WORK INSTRUCTION → Output the data below exactly, without images.

PROVIDED DATA →

BEGIN

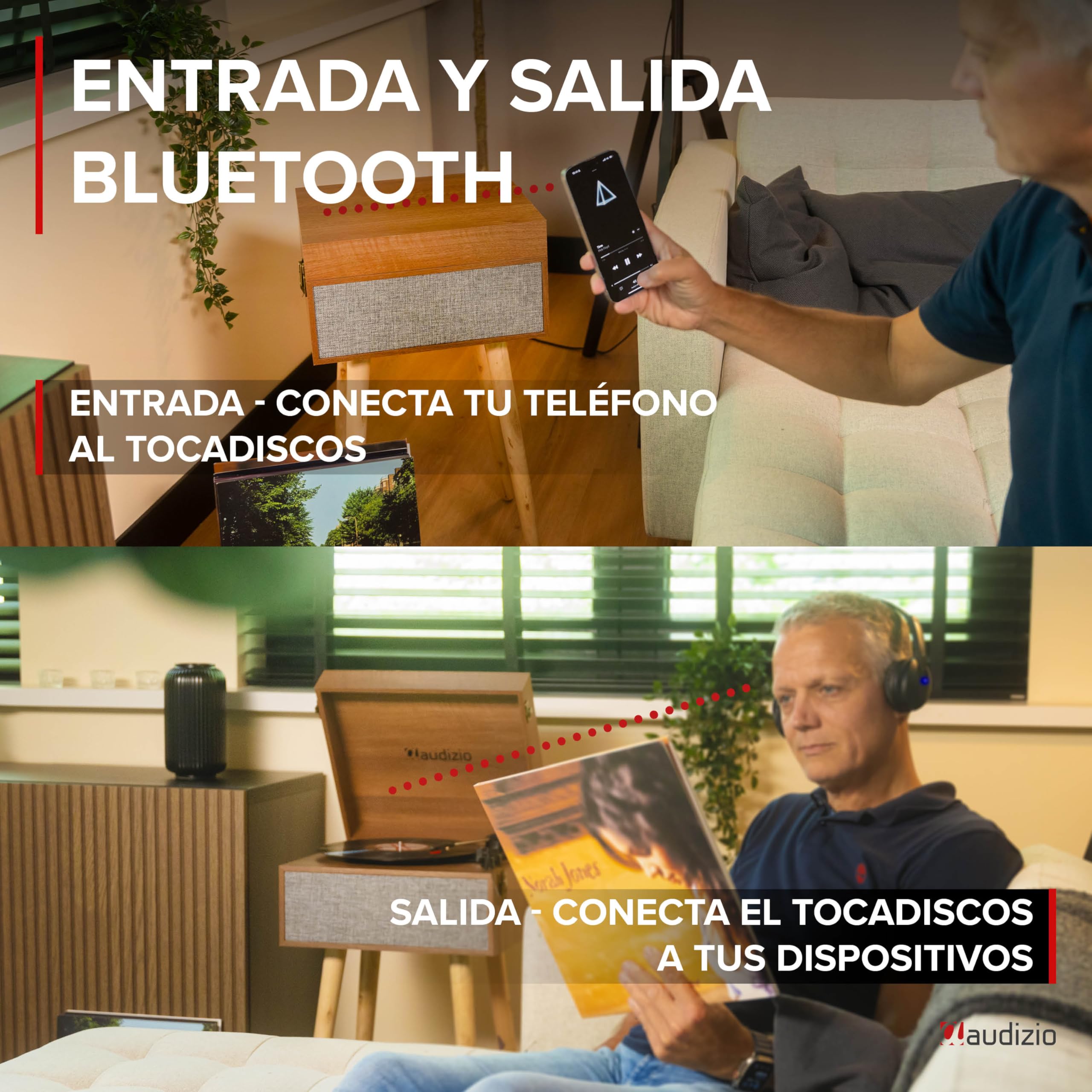 Audizio Fremont - Tocadiscos Retro con Patas de Madera, Bluetooth bidireccional, USB para digitalizar vinilos, Altavoces estéreo, RCA, 3 velocidades, Entrada AUX y Salida de Auriculares Color Madera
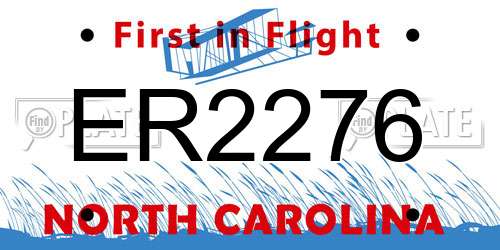ER2276 North Carolina License Plate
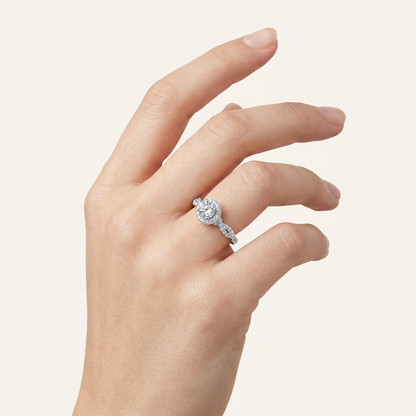 0.53 CT Round Cut Lab Grown Diamond Promise Halo Ring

END

RESULT →
 Audizio Fremont - Tocadiscos Retro con Patas de Madera, Bluetooth bidireccional, USB para digitalizar vinilos, Altavoces estéreo, RCA, 3 velocidades, Entrada AUX y Salida de Auriculares Color Madera
ER2276 North Carolina License Plate
 0.53 CT Round Cut Lab Grown Diamond Promise Halo Ring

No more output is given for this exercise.